The image shoots from the Andes to California, where a data center processes it in seconds. There, a system compares that image with previous pictures of the same region. If something has changed—a star that increased its brightness, a point that wasn’t there before, something that moved—an alert is triggered. The entire process, from the moment the telescope captures the image until astronomers receive the notification, takes about two minutes.
What We Are Actually Seeing
Among those first 800,000 alerts were things that sound like science fiction but are very real: newborn supernovae (exploding stars), variable stars that change brightness as if someone were turning them on and off, galactic nuclei where active black holes are devouring matter, and asteroids wandering through our cosmic neighborhood.

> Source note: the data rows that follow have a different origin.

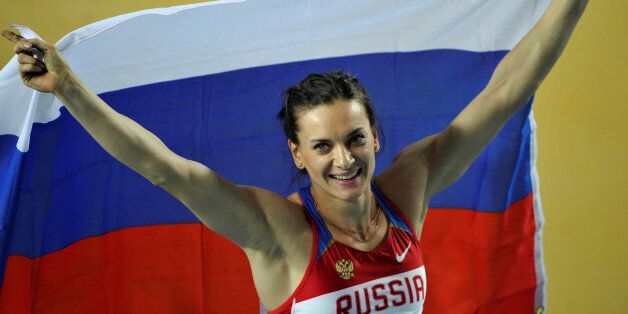 Gold medalist Elena Isinbayeva of Russia holds her national flag after the women's pole vault final during the world indoor athletics championships at the Atakoy Athletics Arena in Istanbul March 11, 2012. Isinbayeva won the gold medal with 4,80 metres, ahead of Bosiak who won silver and Bleasdale who won bronze. REUTERS/Dylan Martinez/File Photo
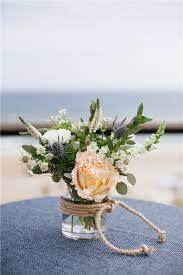 The mason jar diy project involves gluing faux beach glass around a mason jar. 30 Amazing Beach Wedding Centerpieces To Get Inspired Chicwedd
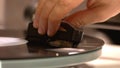 Close-up view of hand which holding a gramophone`s needle.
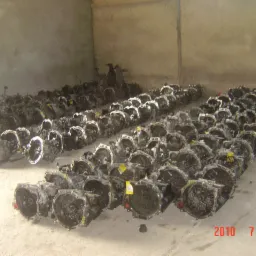 Magazyn używanych skrzyń biegów samochodowych, ułożonych rzędami na betonowej podłodze, widoczne żółte etykiety cenowe na niektórych egzemplarzach, data na zdjęciu 2010-07-20.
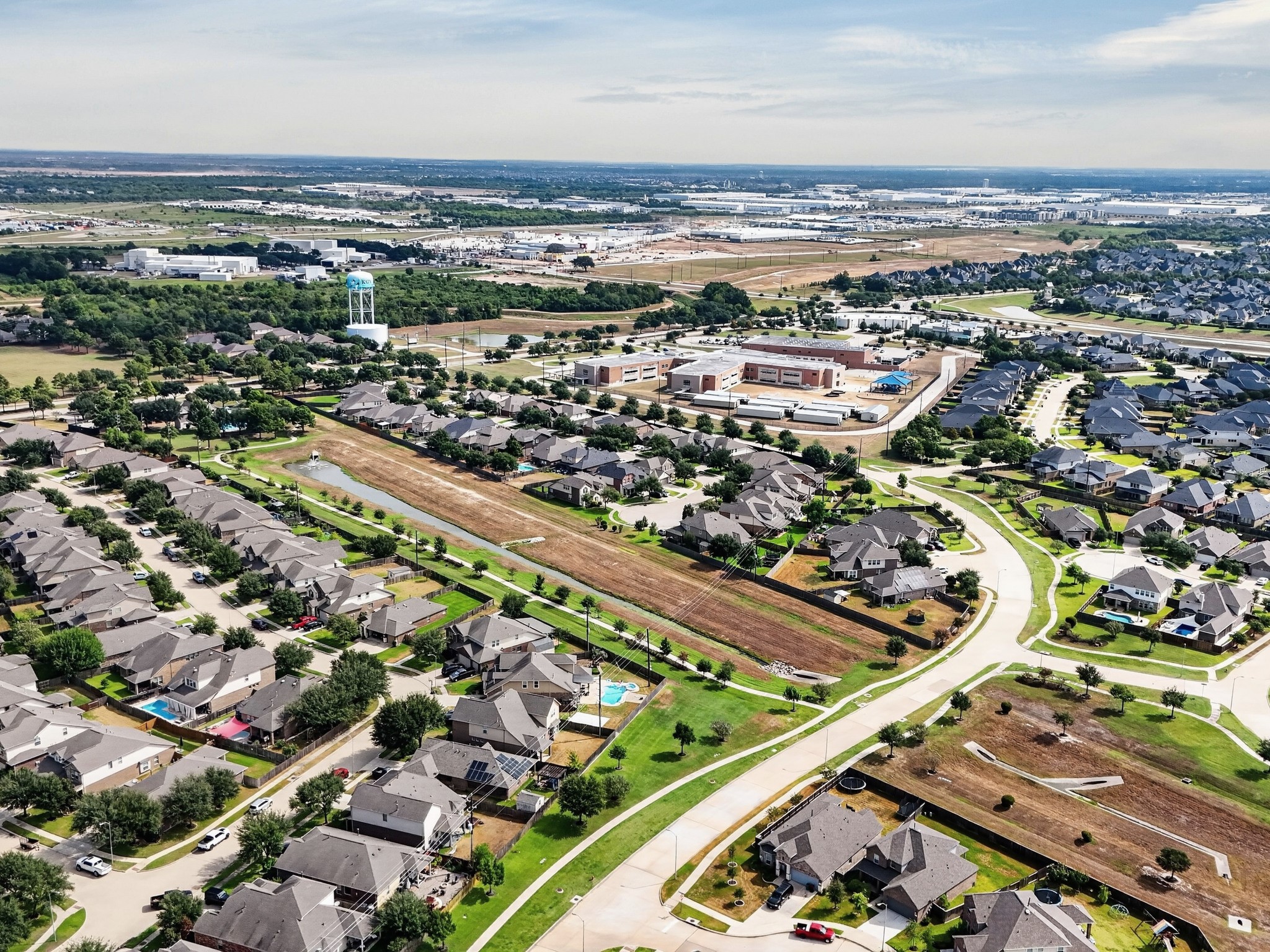 Elevated view highlights the neighborhoods residential streets and surrounding area.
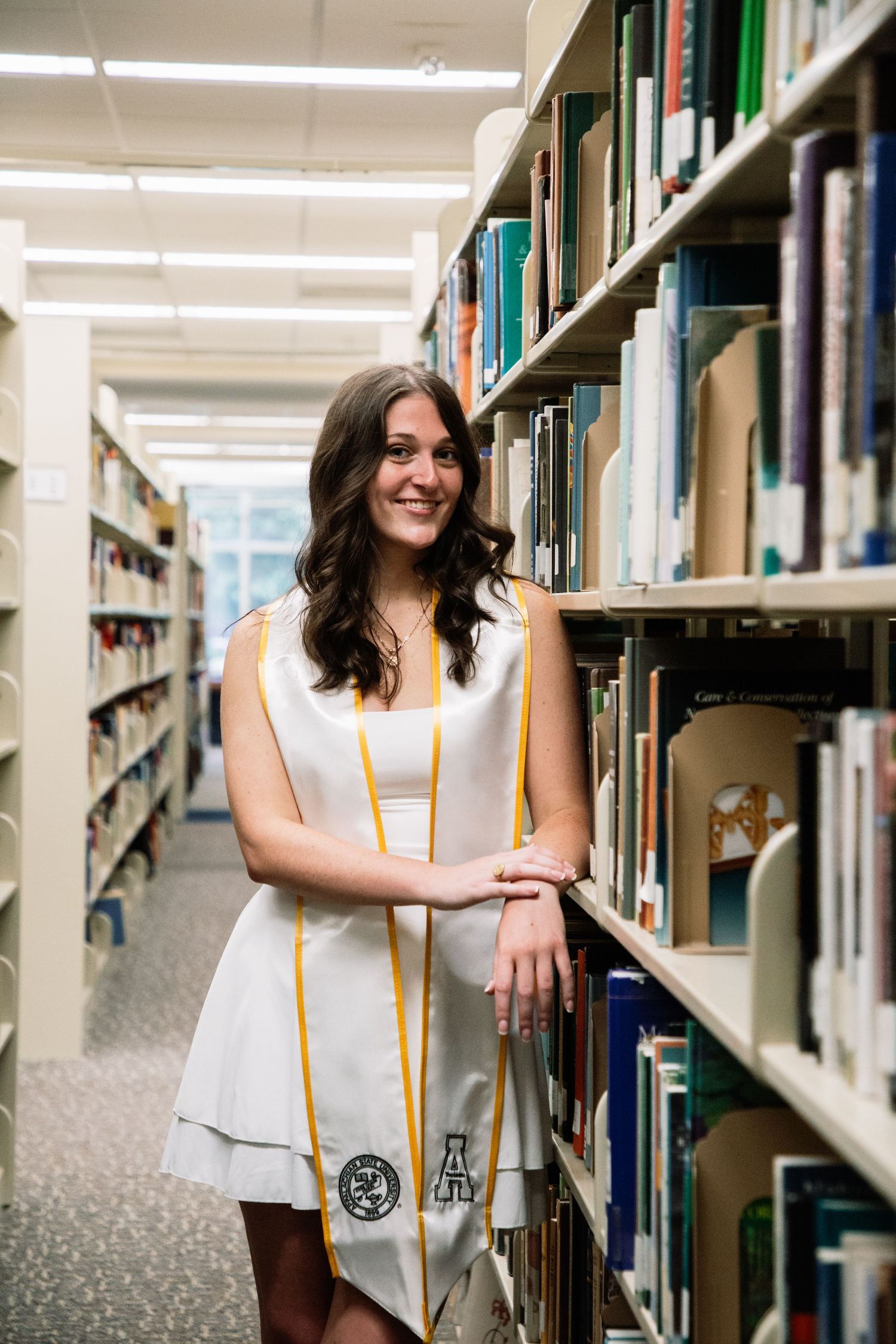 Female graduate in white dress and gold stole leans against library bookshelf smiling at camera.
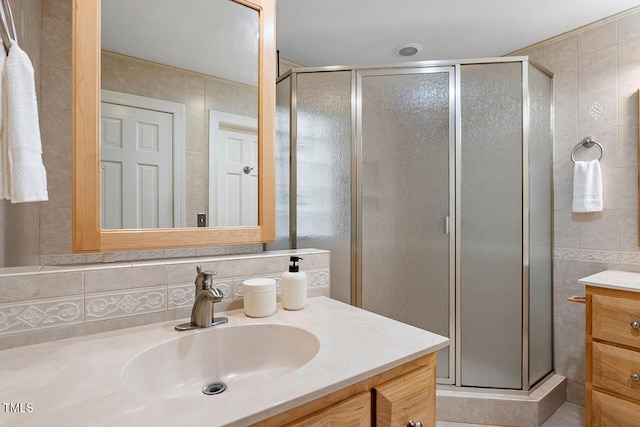 bathroom with vanity, a shower with door, and tile walls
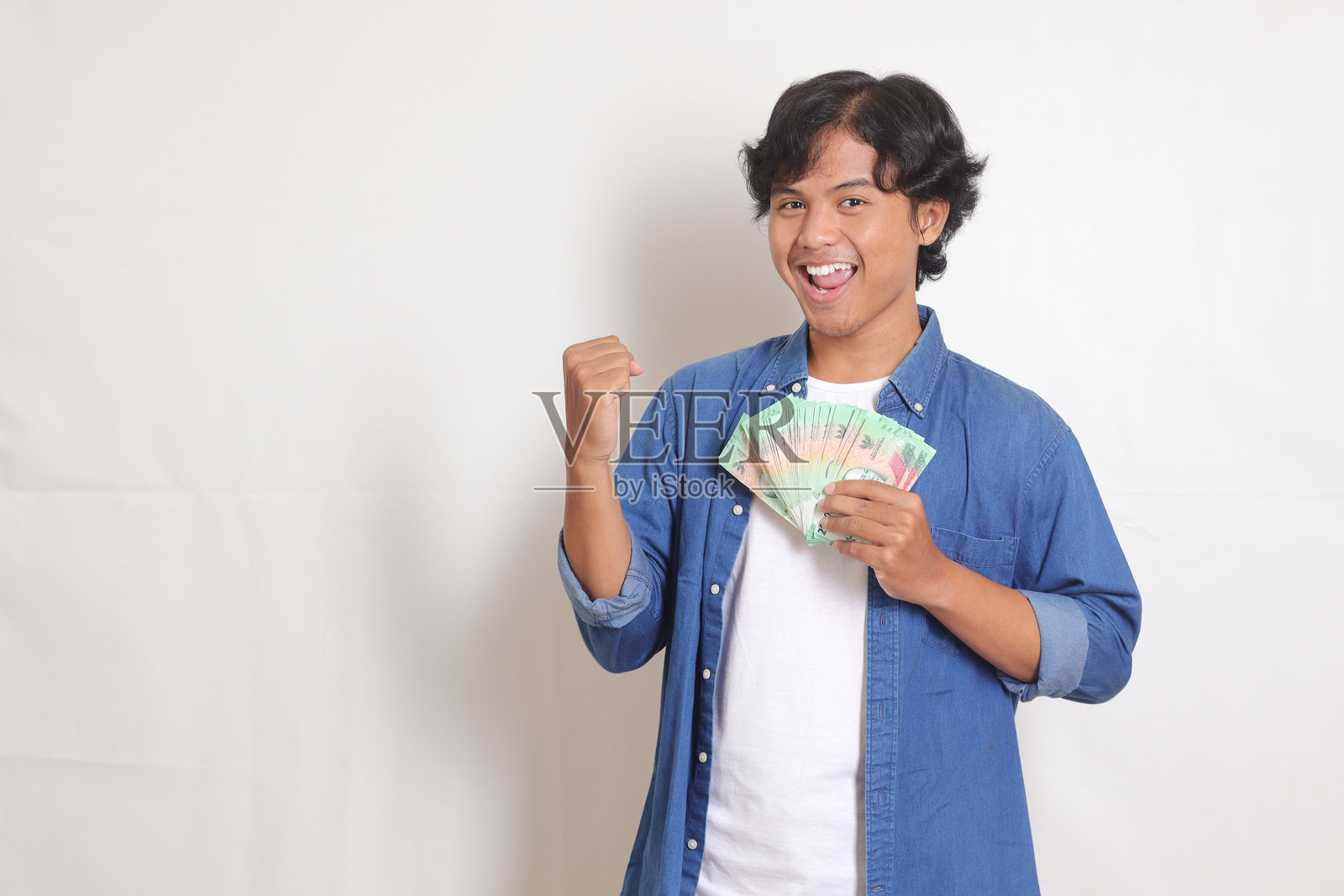 手持印尼盾的亚洲男子肖像照片摄影图片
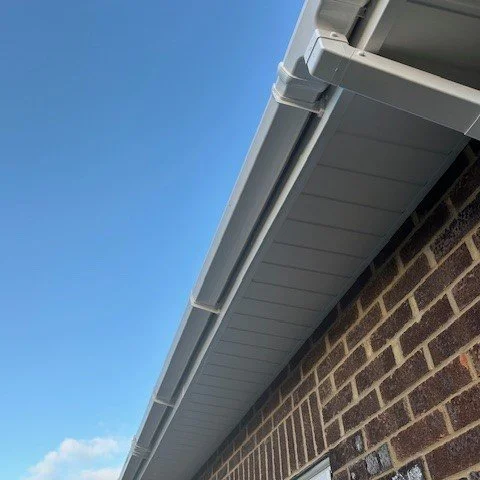view from underneath of new white tongue and goove soffits and white square guttering with down pipe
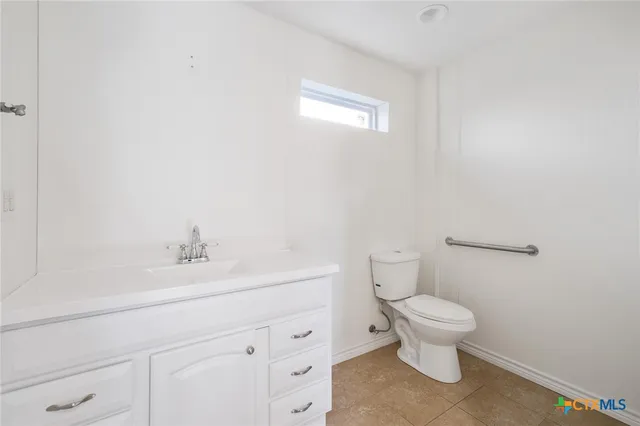 a view of livingroom with furniture and windows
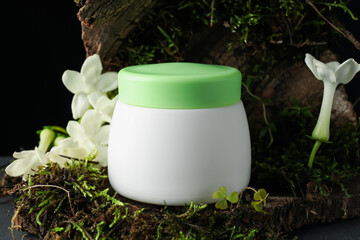 Jar of moisturizing body cream on tree bark with plants and flowers, closeup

When the observatory begins full operations before the end of the year, it will generate between 5 and 7 million alerts every night. For an entire decade, it will record the southern sky like a giant time-lapse movie. Scientists estimate that in its first year alone, this telescope will photograph more objects than all optical observatories combined throughout the entire history of humanity.
Think about that for a second: all of astronomy from Galileo to today surpassed in just twelve months.
Catching Events and Alerting in Time
The system is designed so that any researcher, anywhere in the world, can quickly learn about something interesting and ask other telescopes to point in the same direction before the phenomenon disappears. Because sometimes cosmic changes last only a very short time.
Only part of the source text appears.